Right out of school one can work for a political machine. A government subsidized position requiring, obvious when you look at what is passing for legislation these days, only the ability to move ones mouth. Many of those that can claim private sector experience had token positions, gained through the influence of money and family, having been put into a holding pattern until the opportunity for them to run for office presented itself.

Yes, some have true private sector experience, but is any industry free from political/big government ties these days? Some use their military service as a platform. And a few, from whatever background, are just truly good people. But for the most part our nation is suffering from politics as a profession. Where serving politics trumps common sense experience as a requirement. We could blame the media again, for they powerfully influence what the public considers a legitimate requirement or not, but they don't vote for us.

So how does one get a grip on Congress? Maybe the grip was lost when we put term limits on the Presidency? The balance of power, so wisely designed by our forefathers, being disrupted, by having Presidents labeled lame ducks for large portions, 25%, of their potential term of office.

Having a political positioning frenzy on both sides when no incumbent with clear policies and direction can challenge, having a Congress that can simply wait out a President to push through their control building agendas, and an important check and balance is compromised.

We can say that the scale of the federal government shields our representatives from being held accountable in elections, unlike local politicians, but that accountability factor doesn't exist for the President. The one position that people take seriously and look to hold accountable, that's the position we put term limits on?!

I know this plays into the liberal desires for President Obama to hold office for life (this was written in 2010), but the reality is we would all be better off removing term limits on the Presidency. And only corruption, successfully implemented on a scale never before seen, could keep him in office. And if that exists only revolt will save us.

‘I would surmise that President Obama only won a second term because the people knew he could not run for a third.’

From August 27, 2013, “Absolutely No Term Limits, A Critique of “The Liberty Amendments””: excerpts (edited and revised)

Mark Levin makes the case for raising the age requirements himself. He highlights in great detail the popularity and practice of term limits at the time of the Constitution. Then Mr. Levin explains how, with age requirements, for the first hundred years of this country the majority of elected officials in both the Senate and House held only two terms or even a single term of office.

‘Isn’t this what we want? Raise the age requirements! Mr. Levin greatly slipped here into caring about the sways of political tides.’
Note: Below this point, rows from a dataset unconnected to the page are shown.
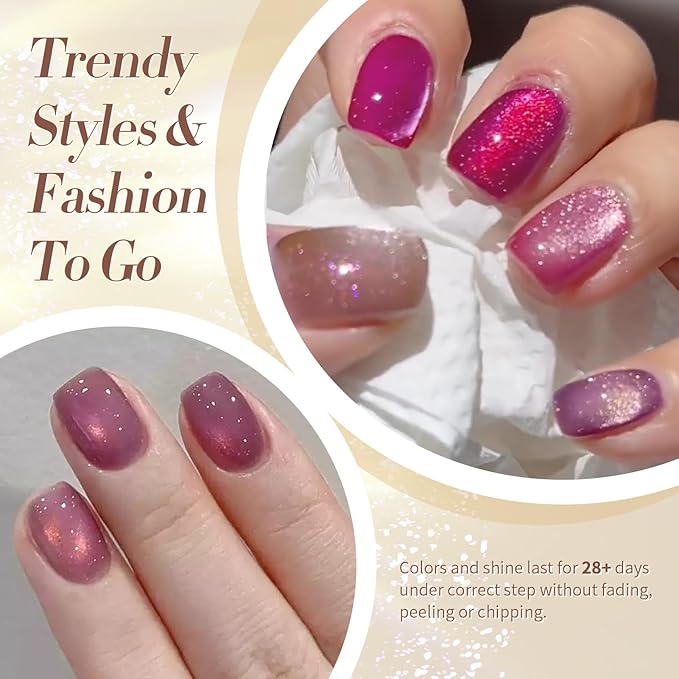 Born Pretty Cat Magnetic Eye Gel Nail Polish, Fall Winter Jelly Glass Magnetic Gel Polish, Purple Brown Pink Nude Glitter Soak Off Nail Art Salon Manicure Home Gift 7ml 6pcs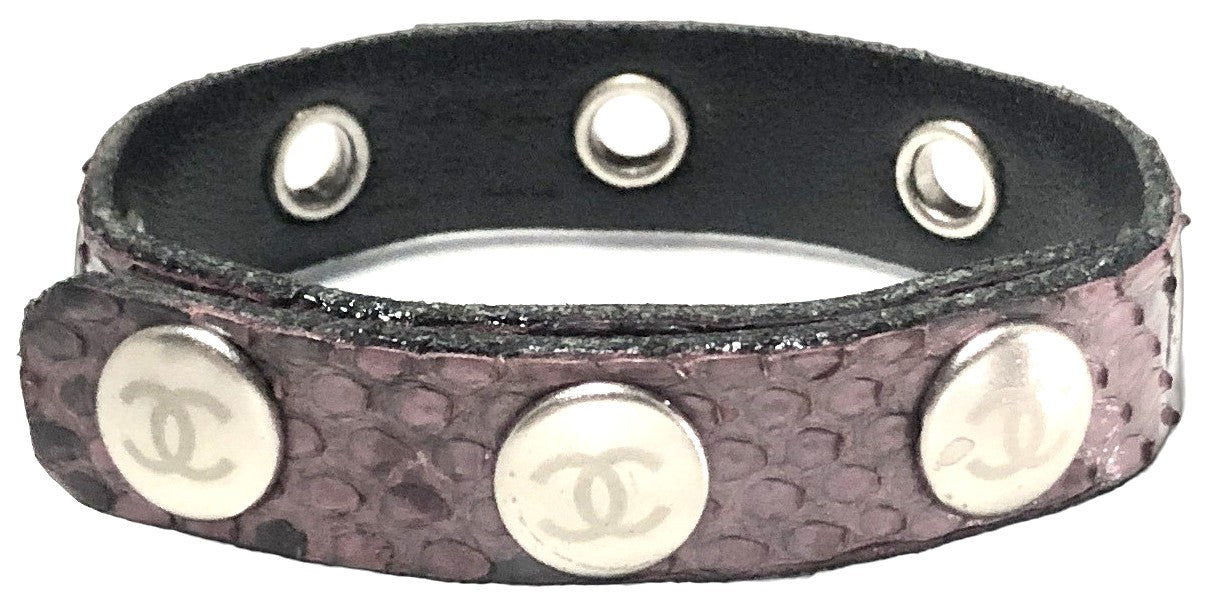 CHANEL CC Logo Bracelet Bangle Purple Exotic Embossed Leather Silver Studs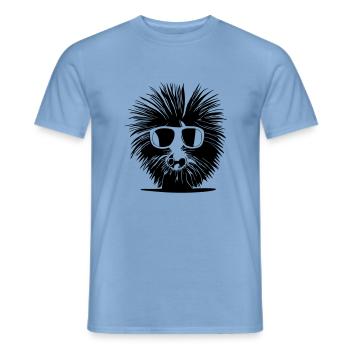Porcupine Lunettes de soleil Mignons animaux Animal Vector - T-shirt homme - carolina blue - Devant - AI Model Male 178 light (178cm)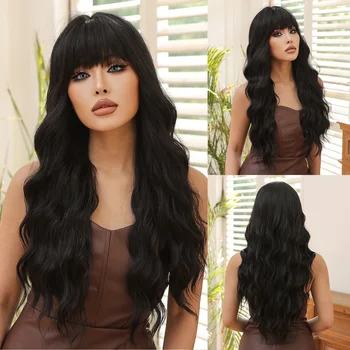 КУБИК для ВОЛОС, натуральный черный, длинные волнистые синтетические парики для женщин, объемная волна, темно-коричневые парики для косплея, повседневные волосы с челкой, Термостойкие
Further, term limits do not break the power of the political class, where the party, people whose entire life experience has not been in the private sector but rather confined to the world of politics, decides from their own ranks who will run; or in other words who will receive the financial backing.

If the age requirements were raised twenty years across the board the people’s choice will be clear, far more transparent.

Though the effect on Presidential candidate races may be slight, in Congressional races an open seat may very well be in contention between a profession politician versus the likes of Wisconsin’s standing Senator Ron Johnson, a manufacturer highly accomplished in the private sector who stands for true reform and a return to traditional values in our government. The public would then be able to decide between a professional politician with a political life’s work and practice of decades, a voting record, that could be clearly scrutinized, against a highly accomplished private sector individual with their own finances; the likes of Donald Trump or even Bill Gates and the late Steve Jobs.

Though the politics of the fore mentioned private sector giants may not all be conservative, even far from the fact, would such men tolerate an inefficient, irresponsible and dishonest system that crushes the American Dream?